-- What you should do --
Starting at the first line of the records below, transcribe each line exactly, ending with the line that contains "French ceramicists. Two".

BEGIN Data shown

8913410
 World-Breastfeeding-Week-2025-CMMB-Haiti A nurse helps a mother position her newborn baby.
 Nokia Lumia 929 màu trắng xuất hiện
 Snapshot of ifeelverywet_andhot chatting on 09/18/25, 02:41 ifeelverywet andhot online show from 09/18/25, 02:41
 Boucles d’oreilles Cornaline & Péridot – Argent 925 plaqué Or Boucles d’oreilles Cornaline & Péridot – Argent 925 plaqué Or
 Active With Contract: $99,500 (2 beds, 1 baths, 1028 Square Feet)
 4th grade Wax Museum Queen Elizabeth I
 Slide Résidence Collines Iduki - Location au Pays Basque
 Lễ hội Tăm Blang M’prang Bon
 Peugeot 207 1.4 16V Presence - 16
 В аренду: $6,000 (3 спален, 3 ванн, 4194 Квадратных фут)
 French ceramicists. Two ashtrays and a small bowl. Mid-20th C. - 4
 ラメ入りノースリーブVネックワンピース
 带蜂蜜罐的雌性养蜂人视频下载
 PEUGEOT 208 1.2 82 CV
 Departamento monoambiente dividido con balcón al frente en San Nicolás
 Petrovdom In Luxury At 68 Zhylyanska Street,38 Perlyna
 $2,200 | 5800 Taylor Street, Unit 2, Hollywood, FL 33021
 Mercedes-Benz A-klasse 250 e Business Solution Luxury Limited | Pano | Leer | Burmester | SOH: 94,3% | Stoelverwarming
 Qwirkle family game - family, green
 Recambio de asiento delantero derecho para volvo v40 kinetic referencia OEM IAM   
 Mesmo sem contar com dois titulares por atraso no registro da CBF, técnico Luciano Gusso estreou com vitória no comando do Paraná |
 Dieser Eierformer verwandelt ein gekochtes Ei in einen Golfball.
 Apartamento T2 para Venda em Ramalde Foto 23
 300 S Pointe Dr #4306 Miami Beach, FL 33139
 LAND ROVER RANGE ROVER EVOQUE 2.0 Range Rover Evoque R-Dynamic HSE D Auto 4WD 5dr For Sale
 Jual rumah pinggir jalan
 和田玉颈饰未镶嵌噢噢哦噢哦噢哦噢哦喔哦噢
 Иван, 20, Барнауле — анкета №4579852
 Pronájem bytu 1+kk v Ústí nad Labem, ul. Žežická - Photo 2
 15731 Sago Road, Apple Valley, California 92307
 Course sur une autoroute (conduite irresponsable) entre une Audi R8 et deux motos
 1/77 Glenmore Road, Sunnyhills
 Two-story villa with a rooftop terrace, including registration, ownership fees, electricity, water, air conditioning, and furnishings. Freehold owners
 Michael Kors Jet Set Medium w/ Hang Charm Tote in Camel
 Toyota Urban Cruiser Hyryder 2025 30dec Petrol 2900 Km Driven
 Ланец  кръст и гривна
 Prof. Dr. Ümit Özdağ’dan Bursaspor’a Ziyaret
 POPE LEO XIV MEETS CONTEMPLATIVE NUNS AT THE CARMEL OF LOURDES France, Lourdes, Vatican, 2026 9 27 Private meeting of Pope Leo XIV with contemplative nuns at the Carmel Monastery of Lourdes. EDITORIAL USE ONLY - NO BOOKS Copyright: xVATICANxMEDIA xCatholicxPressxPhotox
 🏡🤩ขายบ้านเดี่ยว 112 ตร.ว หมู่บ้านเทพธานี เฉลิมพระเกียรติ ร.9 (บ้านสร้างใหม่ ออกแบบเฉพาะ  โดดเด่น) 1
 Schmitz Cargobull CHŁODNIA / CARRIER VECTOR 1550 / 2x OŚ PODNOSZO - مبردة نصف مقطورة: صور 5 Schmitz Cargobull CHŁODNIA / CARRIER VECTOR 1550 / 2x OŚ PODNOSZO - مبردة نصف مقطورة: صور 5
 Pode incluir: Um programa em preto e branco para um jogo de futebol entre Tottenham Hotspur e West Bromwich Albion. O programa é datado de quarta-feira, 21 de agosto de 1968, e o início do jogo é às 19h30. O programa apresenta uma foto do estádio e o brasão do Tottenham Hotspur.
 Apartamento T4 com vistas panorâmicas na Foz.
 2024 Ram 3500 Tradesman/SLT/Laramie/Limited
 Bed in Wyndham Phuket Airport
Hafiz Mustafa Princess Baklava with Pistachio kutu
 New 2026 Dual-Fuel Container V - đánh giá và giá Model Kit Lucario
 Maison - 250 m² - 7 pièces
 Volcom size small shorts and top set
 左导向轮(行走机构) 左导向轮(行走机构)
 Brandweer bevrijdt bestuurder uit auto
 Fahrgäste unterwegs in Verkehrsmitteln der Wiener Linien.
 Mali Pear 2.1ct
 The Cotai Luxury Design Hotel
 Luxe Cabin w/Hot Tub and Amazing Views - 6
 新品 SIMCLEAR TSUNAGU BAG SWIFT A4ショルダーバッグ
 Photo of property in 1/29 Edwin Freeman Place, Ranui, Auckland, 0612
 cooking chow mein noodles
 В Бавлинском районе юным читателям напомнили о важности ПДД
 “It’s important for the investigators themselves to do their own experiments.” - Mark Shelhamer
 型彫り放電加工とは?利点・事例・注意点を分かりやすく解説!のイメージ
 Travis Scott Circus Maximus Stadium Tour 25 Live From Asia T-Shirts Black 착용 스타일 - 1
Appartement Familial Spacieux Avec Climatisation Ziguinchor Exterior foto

END Data shown

-- Solution for this exercise --
8913410
 World-Breastfeeding-Week-2025-CMMB-Haiti A nurse helps a mother position her newborn baby.
 Nokia Lumia 929 màu trắng xuất hiện
 Snapshot of ifeelverywet_andhot chatting on 09/18/25, 02:41 ifeelverywet andhot online show from 09/18/25, 02:41
 Boucles d’oreilles Cornaline & Péridot – Argent 925 plaqué Or Boucles d’oreilles Cornaline & Péridot – Argent 925 plaqué Or
 Active With Contract: $99,500 (2 beds, 1 baths, 1028 Square Feet)
 4th grade Wax Museum Queen Elizabeth I
 Slide Résidence Collines Iduki - Location au Pays Basque
 Lễ hội Tăm Blang M’prang Bon
 Peugeot 207 1.4 16V Presence - 16
 В аренду: $6,000 (3 спален, 3 ванн, 4194 Квадратных фут)
 French ceramicists. Two ashtrays and a small bowl. Mid-20th C. - 4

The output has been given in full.